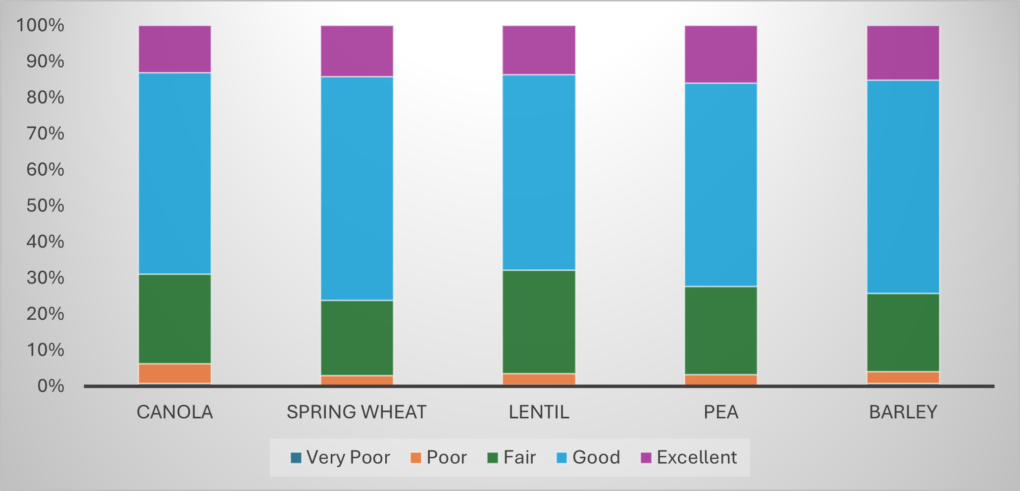 Provincial Crop Conditions as of July 24, 2024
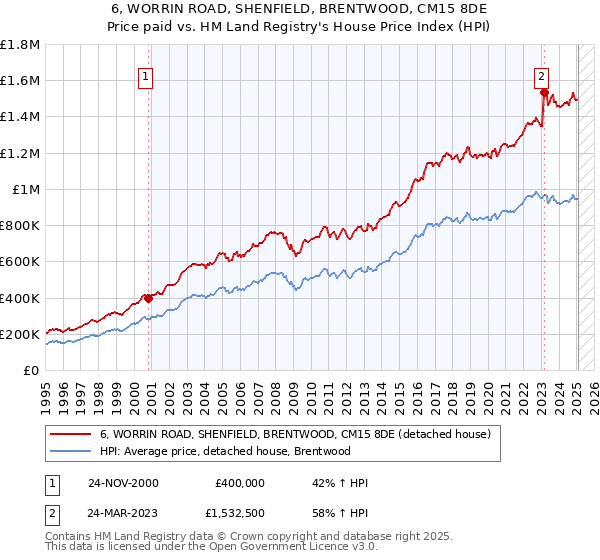 6, WORRIN ROAD, SHENFIELD, BRENTWOOD, CM15 8DE: Price paid vs HM Land Registry's House Price Index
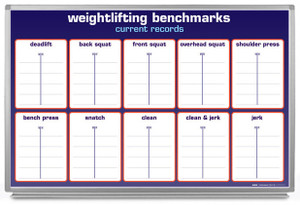 Weightlifting Benchmarks Dry Erase Board
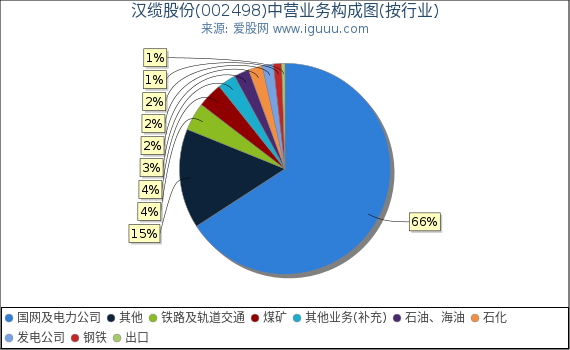 汉缆股份(002498)主营业务构成图（按行业）
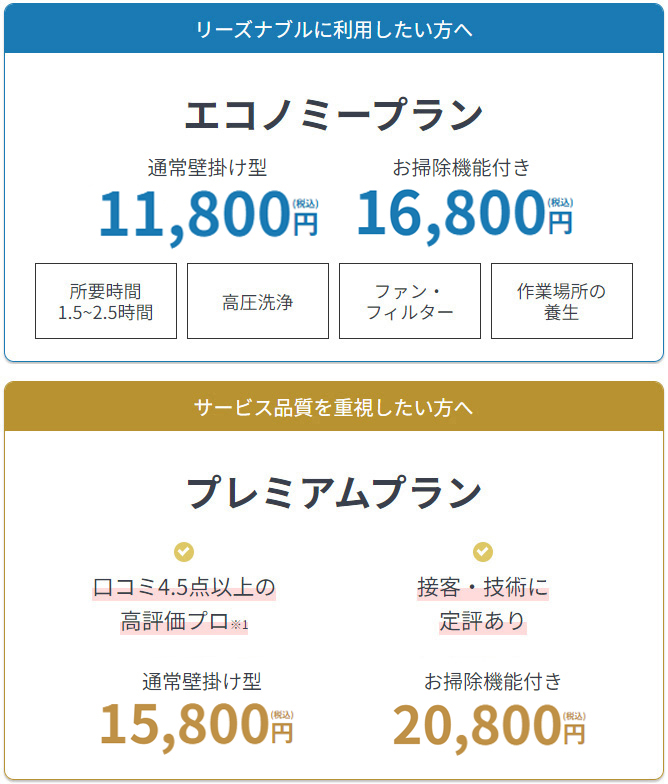 ユアマイスターの料金体系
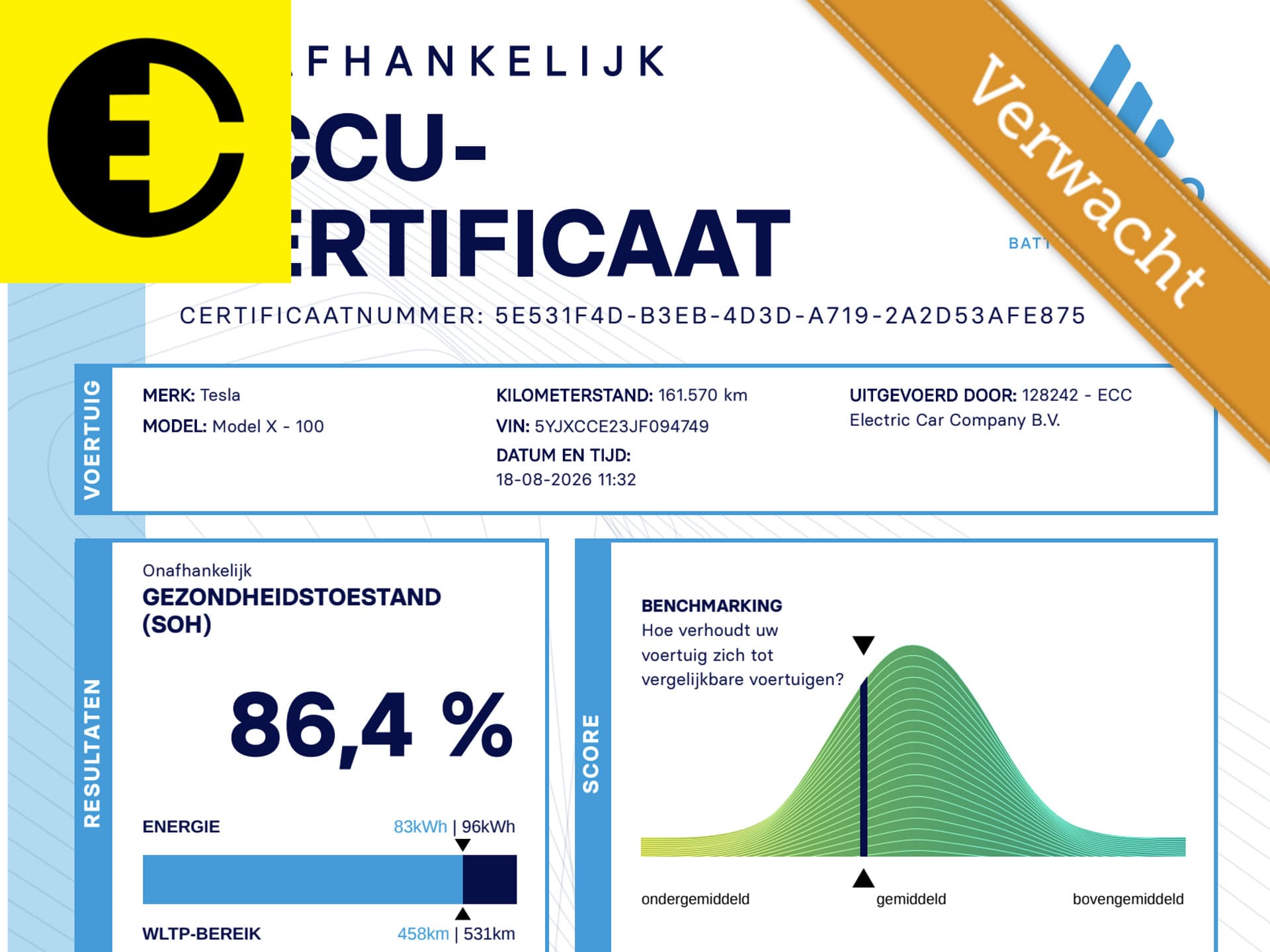 Tesla Model X 100D 6p. | SOH 86,4% | Trekhaak | ColdWeather Package | Incl. BTW – foto 2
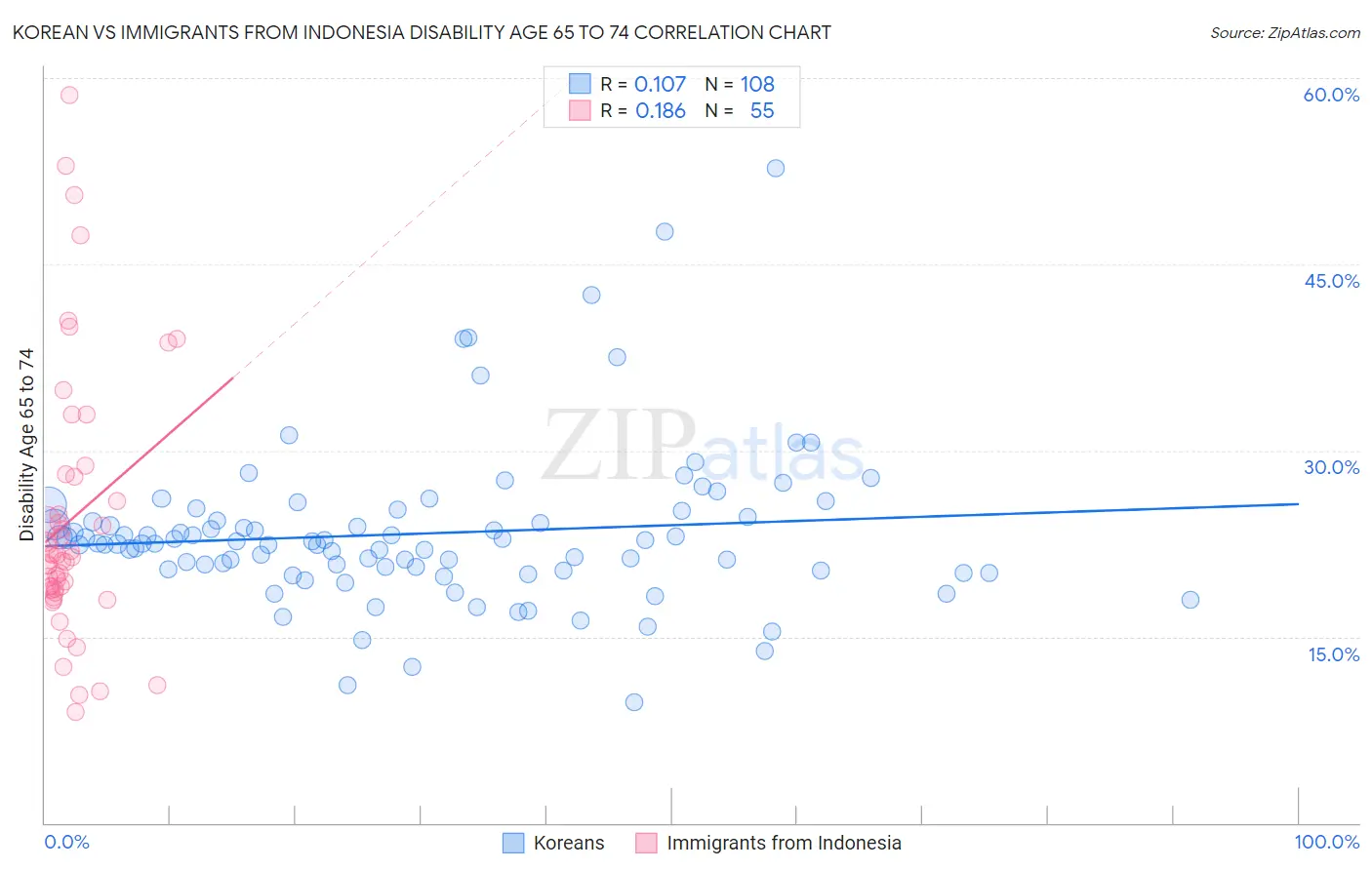 Korean vs Immigrants from Indonesia Disability Age 65 to 74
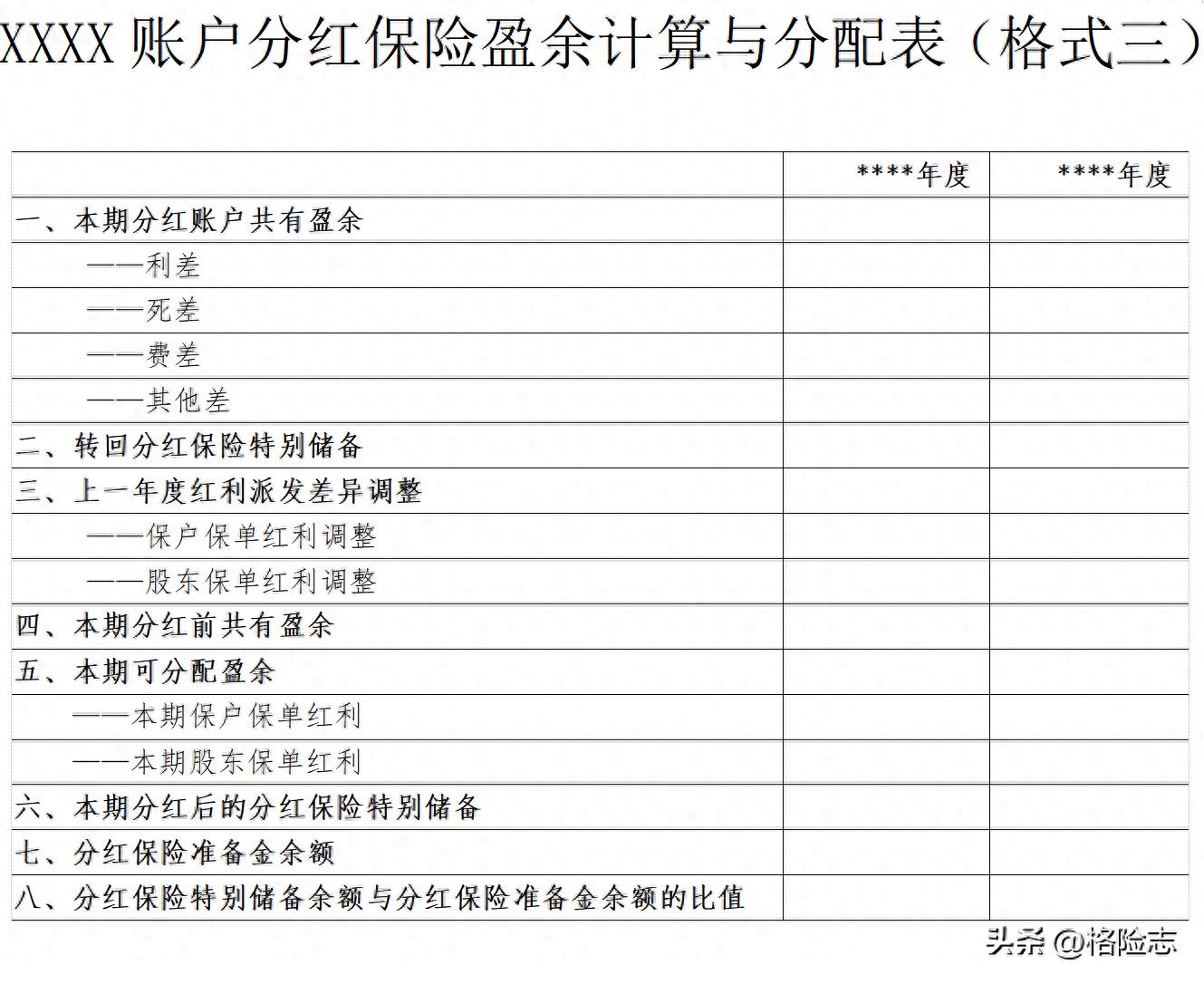 保险公司红利分配_分红险利差死差费差计算_分红险可分配盈余计算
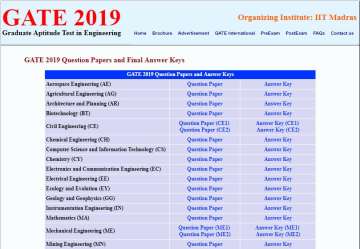 The final answer key for all the 24 papers has released by IIT Madras.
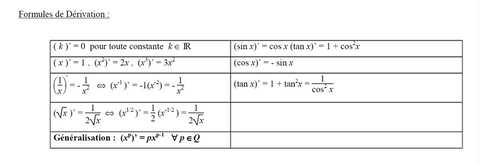 Etudes de Fonctions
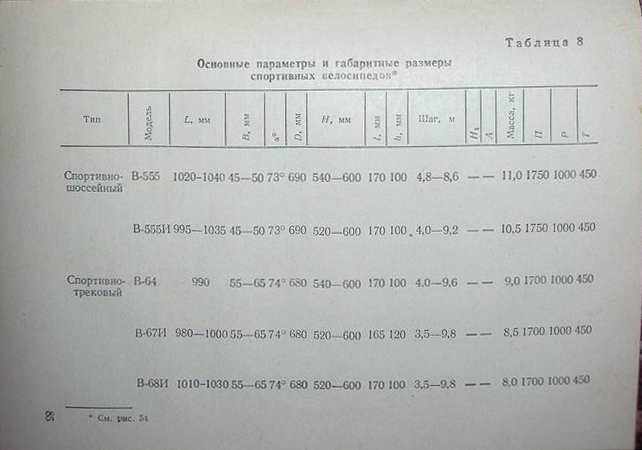 Plik:HVZ-katalog-str 85.jpg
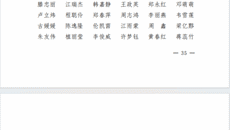 【喜讯】赛院25名毕业生获评2024届广西壮族自治区普通高等教育优秀毕业生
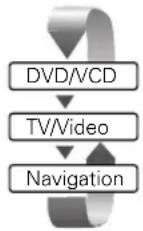 KENWOOD XXV-05V - [DVD] [VCD] - 1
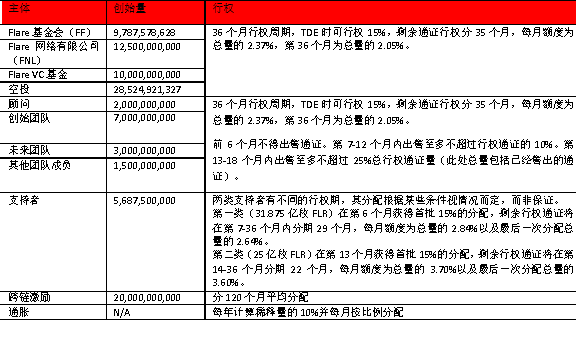 一文了解Flare通證經濟學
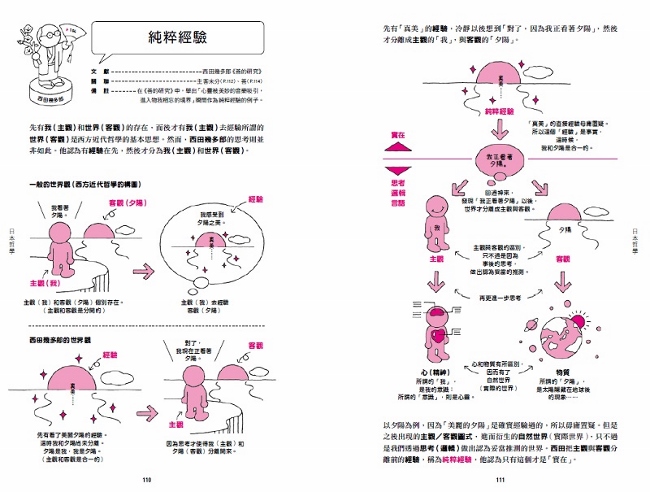 哲學超圖解 2 中國 日本 歐美當代哲學篇 中西72哲人x190哲思 600幅可愛漫畫秒懂深奧哲學 讓靈魂更自由 Pchome 24h書店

Action item => Recopy the full listing exactly, passing over any picture.

Exercise output =>
 Provincial Crop Conditions as of July 24, 2024
 6, WORRIN ROAD, SHENFIELD, BRENTWOOD, CM15 8DE: Price paid vs HM Land Registry's House Price Index
 Weightlifting Benchmarks Dry Erase Board
 汉缆股份(002498)主营业务构成图（按行业）
 ユアマイスターの料金体系
 Tesla Model X 100D 6p. | SOH 86,4% | Trekhaak | ColdWeather Package | Incl. BTW – foto 2
 Korean vs Immigrants from Indonesia Disability Age 65 to 74
 保险公司红利分配_分红险利差死差费差计算_分红险可分配盈余计算
 The final answer key for all the 24 papers has released by IIT Madras.
 Etudes de Fonctions
 Plik:HVZ-katalog-str 85.jpg
 【喜讯】赛院25名毕业生获评2024届广西壮族自治区普通高等教育优秀毕业生
 KENWOOD XXV-05V - [DVD] [VCD] - 1
 一文了解Flare通證經濟學
 哲學超圖解 2 中國 日本 歐美當代哲學篇 中西72哲人x190哲思 600幅可愛漫畫秒懂深奧哲學 讓靈魂更自由 Pchome 24h書店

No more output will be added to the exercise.